Without uninsured consumer focus groups, we wouldn’t have realized just how low health insurance literacy is for many. Area uninsured residents felt the information provided was unclear, inaccurate and politically based. There was a real fear and distrust of the process and strangers.
By the end of the enrollment period, about 57,000 individuals enrolled through the marketplace in Kansas and more than 152,000 in Missouri.
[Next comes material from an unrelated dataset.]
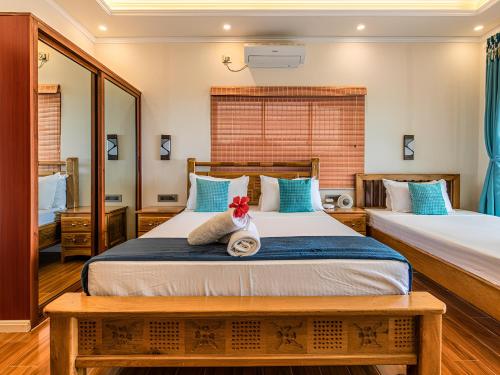a bedroom with two beds and a mirror at Maison D'Aaryan in Anse aux Pins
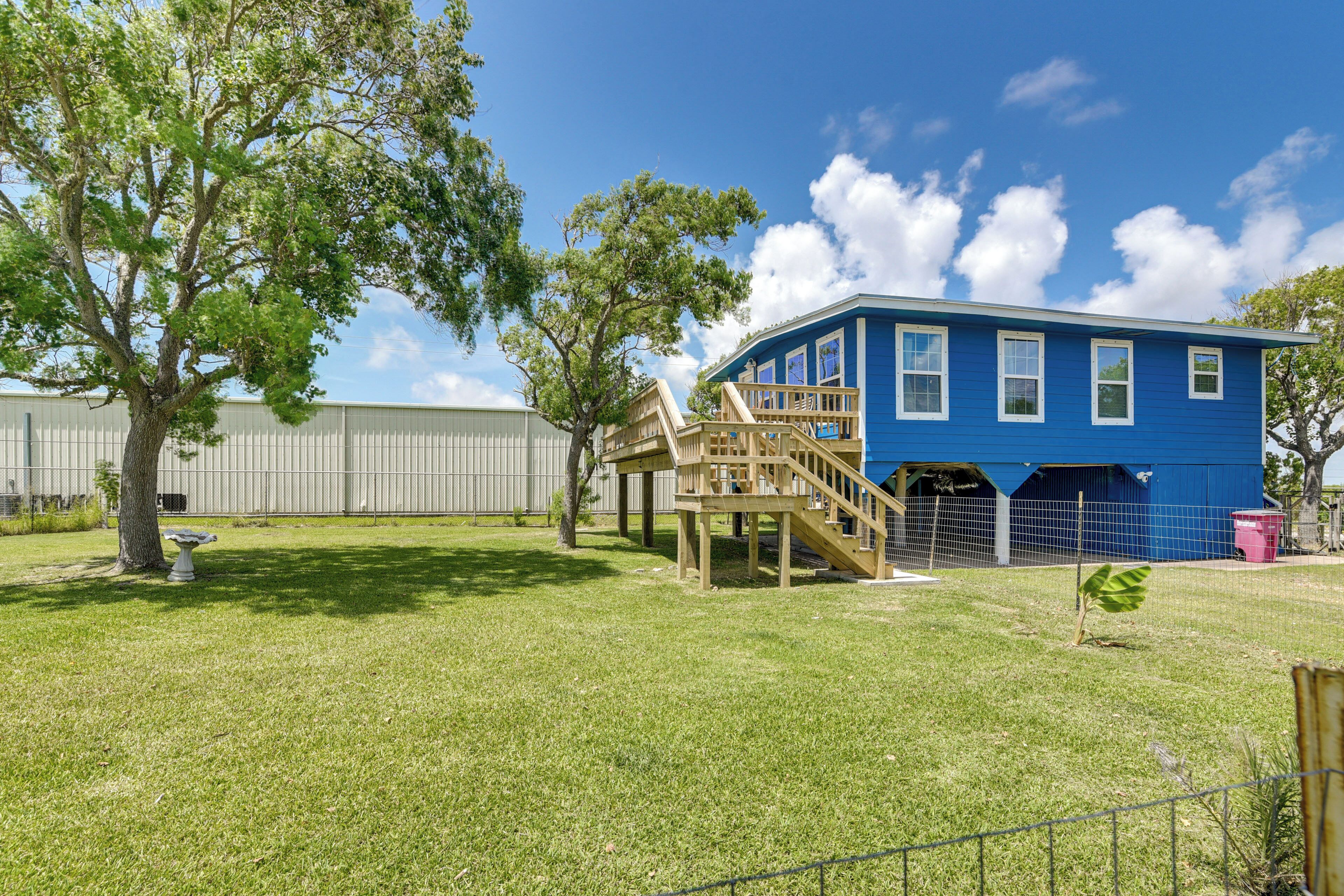 A blue house with a wooden deck and stairs, surrounded by a fenced yard with grass and trees.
Through our evaluation, we learned that the enrollment infrastructure in Kansas City could not adequately handle the high volume of in-person enrollment requests that occurred during the final weeks of the first enrollment period. Focus groups with enrollment counselors also demonstrated that collaboration and learning between outreach and enrollment stakeholders would be crucial to increase efficacy in the next enrollment period. Too many organizations were forced to reinvent the wheel, which then stretched an already-lean staff in too many directions. Efficiencies could be gained with greater collaboration and resource sharing.
Without evaluation, we wouldn’t have identified the need for more certified application counselors who were part of trusted, community-based organizations that could provide ample time and assistance to help individuals make complicated insurance decisions. Enrollment odds increased when the uninsured had an opportunity to speak to a CAC at a trusted location they already frequented.
This fall we awarded $345,045 to five organizations to continue this outreach, education and enrollment effort. The funding is being used to provide additional enrollment counselors, increase collaboration between organizations, recruit additional enrollment partners and increase the understanding of health insurance through health insurance literacy efforts.
When I look back on 2014, I’m proud of both the work and the evaluation of this initiative. I’m most pleased that the information could be used in a meaningful way. The organizations working on ACA enrollment have a challenging task and accomplished an incredible amount of work in year 1. We owe it to them and to the clients they assist to deploy our resources in the most efficient way possible and evaluation is an important tool to do so.